We love sharing expert advice, and we often feature guest posts by specialists in child development, work/life balance, women’s issues and other topics of interest to working moms. If you’re an expert and feel you have something to offer our readers, contact us with your credentials and pitch. Please keep in mind that we prefer original content as opposed to re-posts.

Comments

  1. Sara Bennett Wealer says:

    I travel quite regularly for work, and it seemed to be easier when the kids were younger. When they're older (preschool and grade school), they have a lot more scheduling issues to work around with school and activities, plus they do tend to notice your absence more, although they certainly haven't developed any behavioral problems or major separation anxiety. I try to have my mom come to town to watch them when I'm gone so that my husband isn't stretched too thin with his career, etc. I also have co-workers who have a "nanny" to stay with their children because both husband and wife travel together. Another option is a trusted "nanny" to do the care until husband can get home. I realize those last options cost money – possibly a great deal. But if your salary allows it, they're something to explore. Good luck!

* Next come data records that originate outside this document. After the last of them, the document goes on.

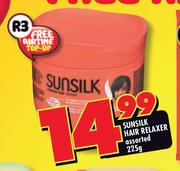 Sunsilk Hair Relaxer Assorted-225g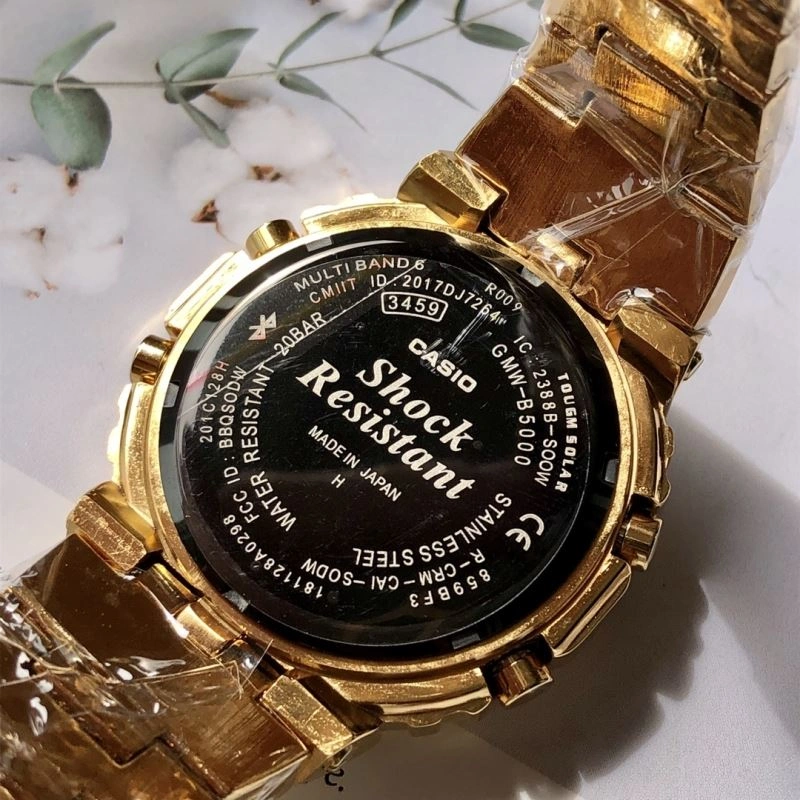 CASIO Watches WeatherProof 181136
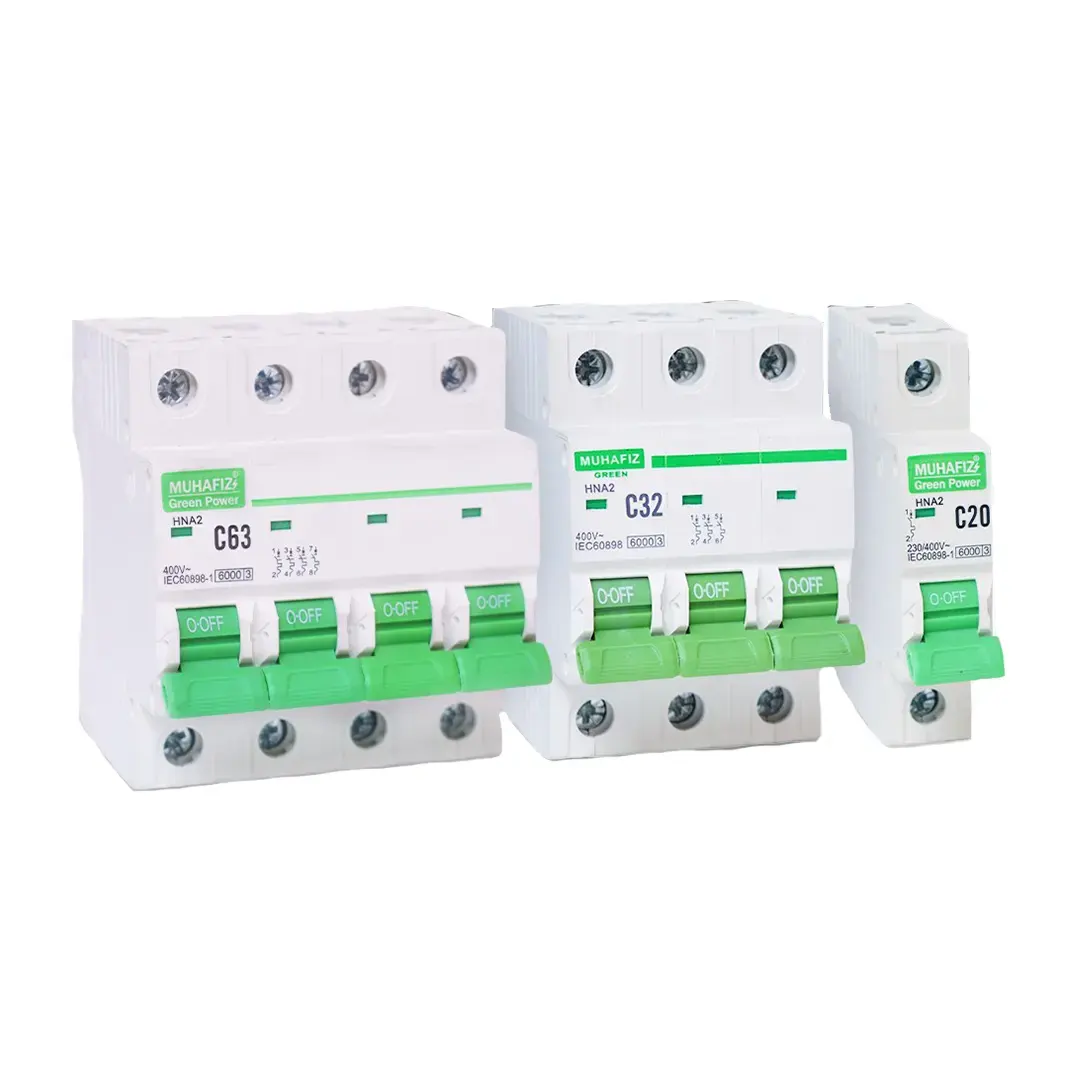 AC Breakers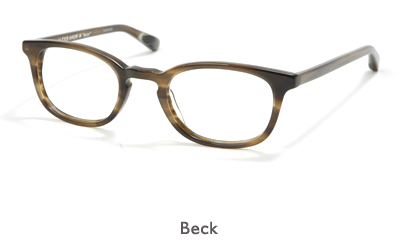 Alexis Amor Beck glasses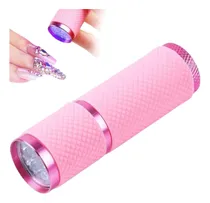 Comprar Linterna Uv\u002Fled Cabina Para Uñas Esculpidas  Mym Ventas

  2. I travel monthly for work, gone for a week at a time on the other side of the country. I have a 3 year old and am 22 weeks pregnant with my second child and I am currently wondering how I can keep my current position and juggle two young children. Like the new position you’re entertaining, I work from home and have a great deal of flexibility when I’m not traveling, which is so nice. But being gone for an entire week puts a strain on everyone else in my life. My husband and I are fortunate to have the help of both sets of grandparents in town and I’ve always traveled for one reason or another with work thanks to their help. I really feel that this has mostly benefited my son. He is close with his grandparents, he is fairly independent and does not have separation anxiety. Now that he’s getting older he is starting to act out a bit, but that’s pretty new so right now I’m just trying to be aware of it and not freak out. i think it’s more of a normal 3 year old thing, rather than it being because I am gone. BUT – I did travel when he was a young baby and the world did not end! :-)

    I don’t think there is one right answer. I’m the breadwinner of the family, love my job, and will always want to be a career woman AND mom. I am currently trying to figure out how to make a compromise work, while feeling like I’m being the mom I want to be and keeping the job I enjoy even if it has fairly significant travel requirements. If I have any bolts of lightening, I’ll let you know. More than anything I wanted to say thanks for sharing – it’s nice to know that I’m not alone! Let us know what you decide to do.

    PS – Love Sheryl Sandberg!

    • I will definitely let you know what I work out. In my mind right now, I am thinking about moving to a less rural area (read, room for a home office and more available resources for childcare) and hiring someone to help me in the house during the day and while I’m gone. I think that if I get this job, my first child will stay in daycare full time. This is very positive for her because she is learning so much and having so much fun with the other children.

      Definitely keep me posted on what you end up doing, yourself. Thank you for the encouragement. I will update when it is appropriate. My interview last week seemed to go well, but who knows, all this could be for naught. I am busily working on ways to make this a relevant conversation!